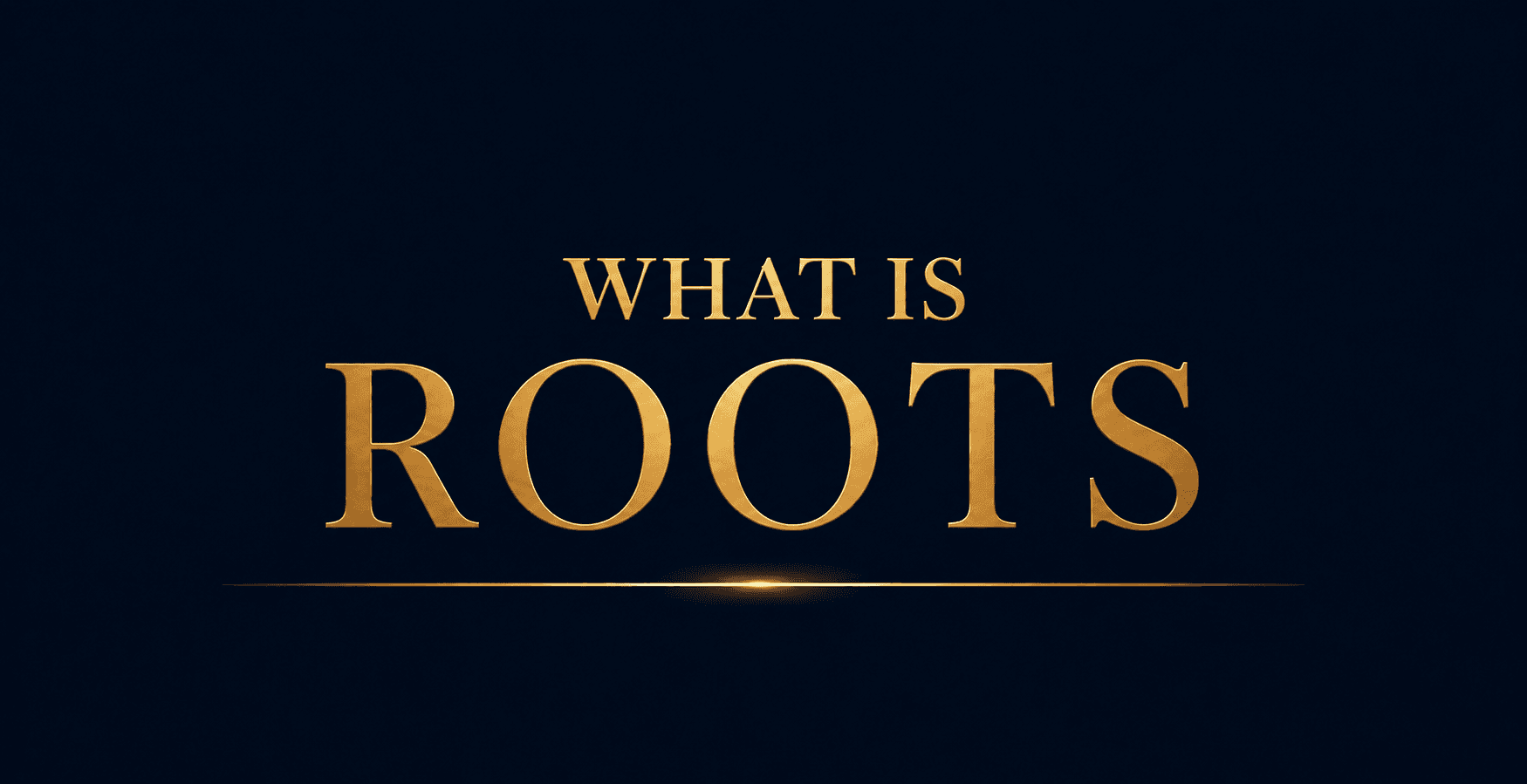 What is ROOTS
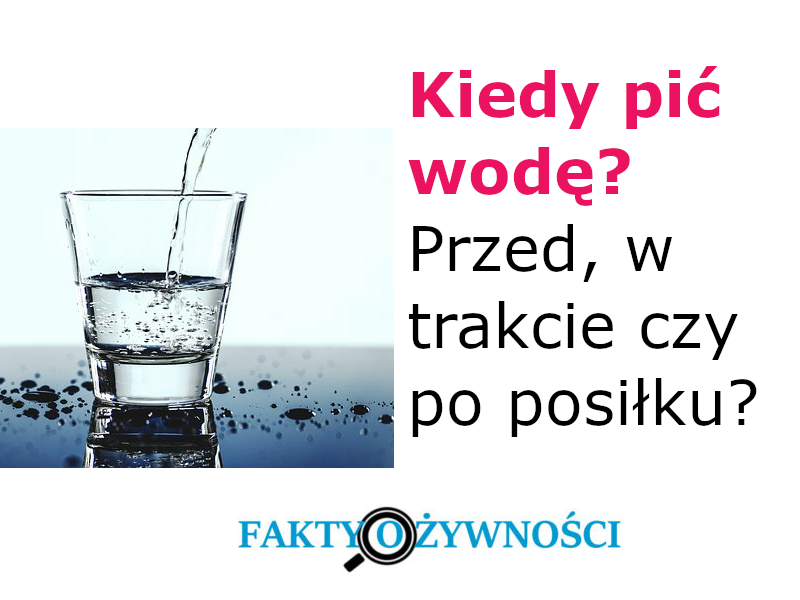 KIEDY PIĆ WODĘ? PRZED, W TRAKCIE CZY PO POSIŁKU? KIEDY PIĆ WODĘ? PRZED, W TRAKCIE CZY PO POSIŁKU?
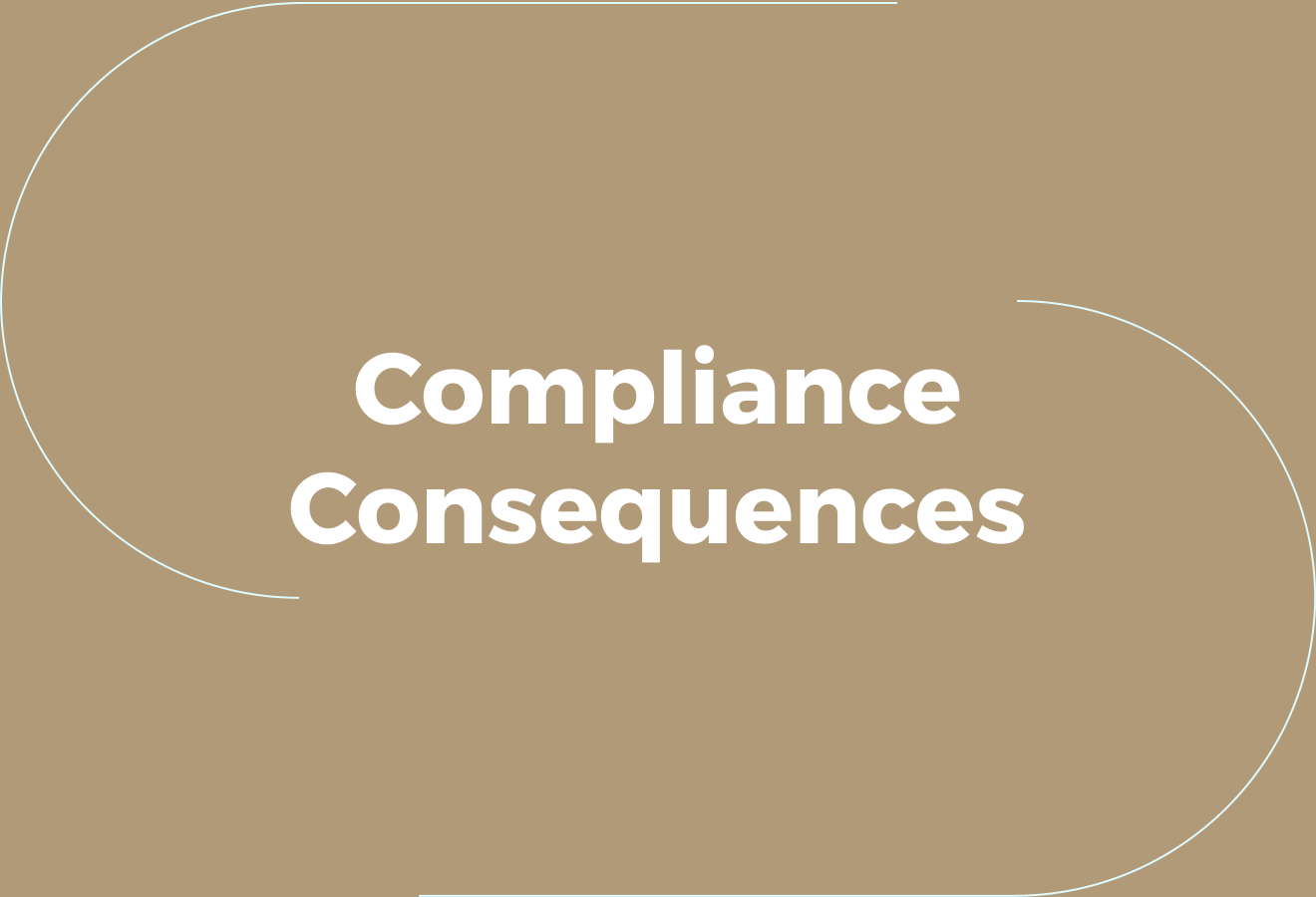 The Compliance Consequences Most Companies Miss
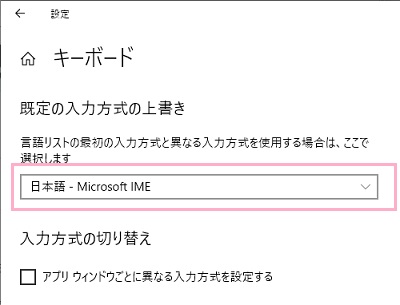 「既定の入力方式の上書き」のプルダウンメニューから「日本語 - Microsoft IME」を選択
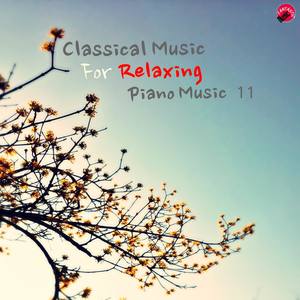 Classical Music for Relaxing Piano Music 11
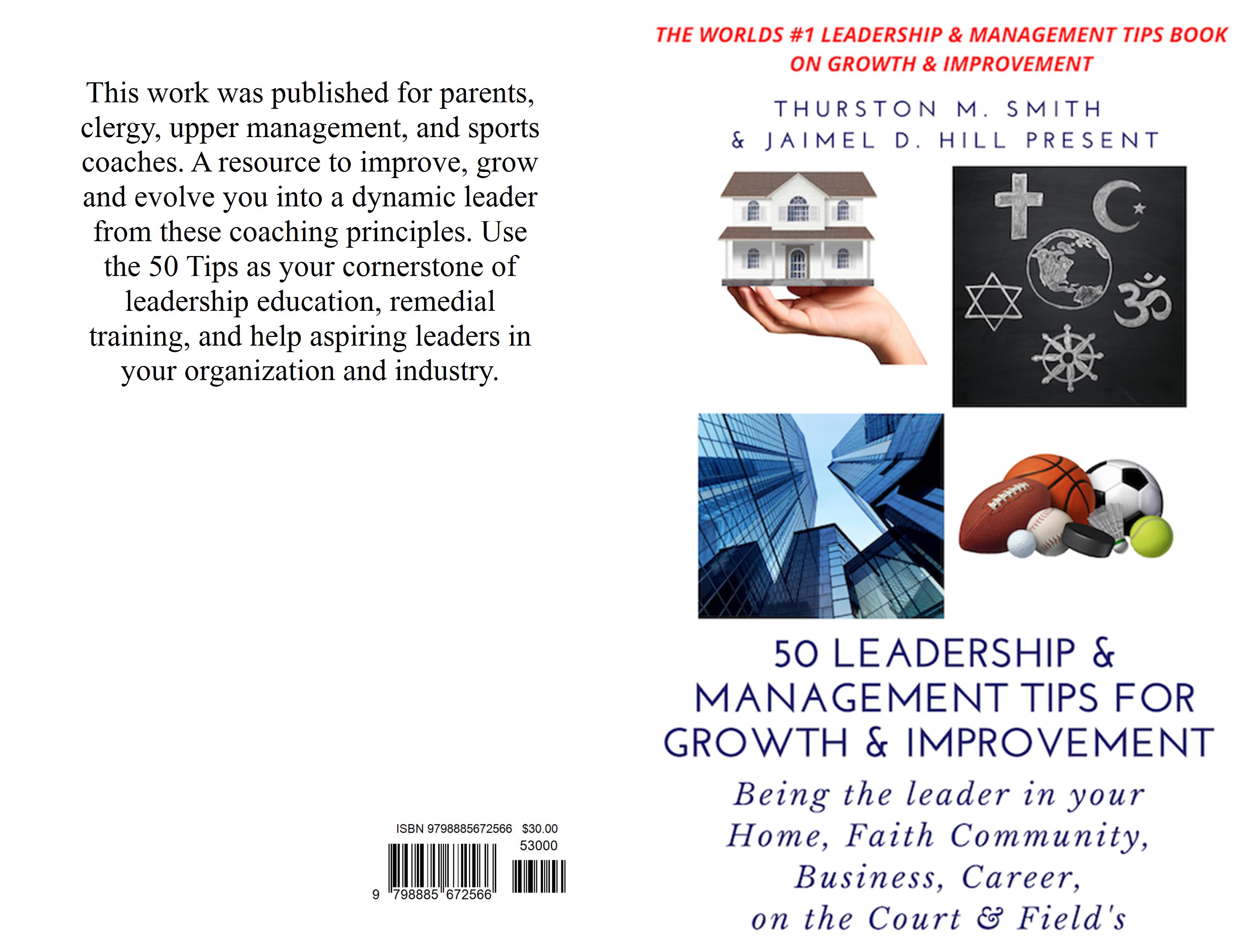 50 LEADERSHIP & MANAGEMENT TIPS FOR GROWTH & IMPROVEMENT: Being the leader in your Home, Faith Community, Business, Career, on the Court & Field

☆ ☆ ☆ ☆

Produce the data again character for character, with the images left out.

SOLUTION TO THIS TASK:
 What is ROOTS
 KIEDY PIĆ WODĘ? PRZED, W TRAKCIE CZY PO POSIŁKU? KIEDY PIĆ WODĘ? PRZED, W TRAKCIE CZY PO POSIŁKU?
 The Compliance Consequences Most Companies Miss
 「既定の入力方式の上書き」のプルダウンメニューから「日本語 - Microsoft IME」を選択
 Classical Music for Relaxing Piano Music 11
 50 LEADERSHIP & MANAGEMENT TIPS FOR GROWTH & IMPROVEMENT: Being the leader in your Home, Faith Community, Business, Career, on the Court & Field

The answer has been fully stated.